Dışarıda hoş bir yaz akşamı havası vardı. Gece kuşlarının seslerine Çit Deresinin suyu eşlik ediyordu. Ay ışığı ise tam tepede dolunaydı. Deli Osman, kapının önünde dizlerini kırarak oturur buldu Can.
-Hayırdır Osman, ne oldu?
-Bir şey yok Can abi.
-E, niye kara kara düşünüyorsun? Dediğimi yaptın mı, konuştun mu kız ile?
-Konuştum.
-Ne dedi sana?
-Görücü göndereyim mi diye sordum.
-Ne cevap verdi?
- ‘Gönder’ dedi Can abi.
-Sevinmen lazımken, niye kara kara düşünüyordun?
-Kız evet, dedi de babası Pisik Ali verir mi?
-Orasına sen karışma.
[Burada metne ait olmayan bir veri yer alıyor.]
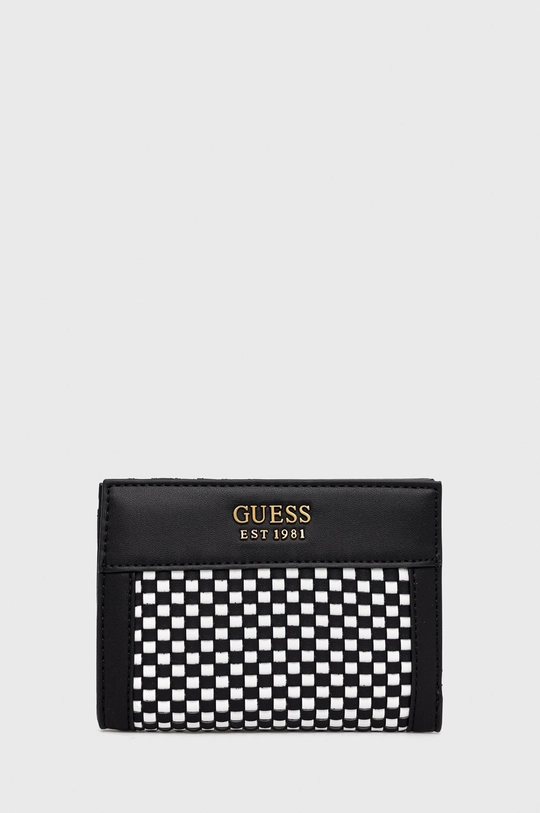 μαύρο Πορτοφόλι Guess Γυναικεία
Ben Mustafa amca ile konuşur, gider isteriz kızı.
-Sahi mi diyorsun?
-Sahi tabi. Senden iyisini mi bulacaklar?
-Bilmem.
-Düşünme, sen şu Zülfiye teyzenin siparişlerini al da gir içeri, ben bugün biraz yoruldum, eve döneceğim.
-Tamam Can abi çok sağ ol.
-İyi akşamlar, selam söyle.
Siparişleri Osman’a veren Can, doğruca eve geldi. Odasına geçerken, anası seslendi:
-Erken değil mi Can? Hele gel otur ne var ne yok biraz konuşalım.
-Yorgunum ana.
-Gel hele oğlum yatarsın, daha akşamdan.
Anasını kıramayan Can, gelip anasının yanına oturdu. Başını dizlerinin üzerine koydu. Meryem hatun, oğlunun bir sıkıntısı olduğunu ilk geldiğinde anlamıştı. Oğlunun saçlarını okşadı:
-Söyle bakayım, benim aslan oğluma kim ne dedi de böyle kara kara düşünceli.
-Yok ana bir şey.
-Var uşağım, ben anayım, anlarım. Hadi söyle bakayım.
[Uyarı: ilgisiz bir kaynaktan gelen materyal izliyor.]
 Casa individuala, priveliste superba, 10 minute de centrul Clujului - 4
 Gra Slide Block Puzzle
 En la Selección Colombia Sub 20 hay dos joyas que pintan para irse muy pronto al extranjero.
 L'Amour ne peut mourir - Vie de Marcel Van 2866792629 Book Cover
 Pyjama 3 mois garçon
Can başından geçenleri eksiksiz anlattı.
-Bu mu senin canını sıkan?
-Daha ne olsun ana, bu yaşadıklarım Ayşe’nin kulağına giderse ne olur?
-Ayşe seni seviyorsa hiçbir şey olmaz yavrum. Anlayamadığım, o kız seni neden bu kadar sevdi ki?
-Bilmiyorum ana, tanımam etmem.
-Canını sıkma Can’ım, bir şey olmaz. Git yat yatağına rahat rahat uyu.
Avliyana’da gece bir başkaydı bu gece. Kısa yaz geceleri Avliyana’da bir başka oluyordu. Geceleri öten cırcır böcekleri gün boyu çalışan köylülerin yorgunluklarını alıyor, tatlı uykuya geçmelerini sağlıyordu. Sık olmasa da ara sıra da öten guguk kuşlarının sesleri karışıyordu cırcır böceklerine. Suyu ısınan havalarla her ne kadar azalsa da Çit Deresi gecenin sessizliğine karışıyor, türkü olup akıyordu. Ne güzeldir ne güzel, bizim köyün deresi, yaz kış apaktır, Abdal Musa Tepesi.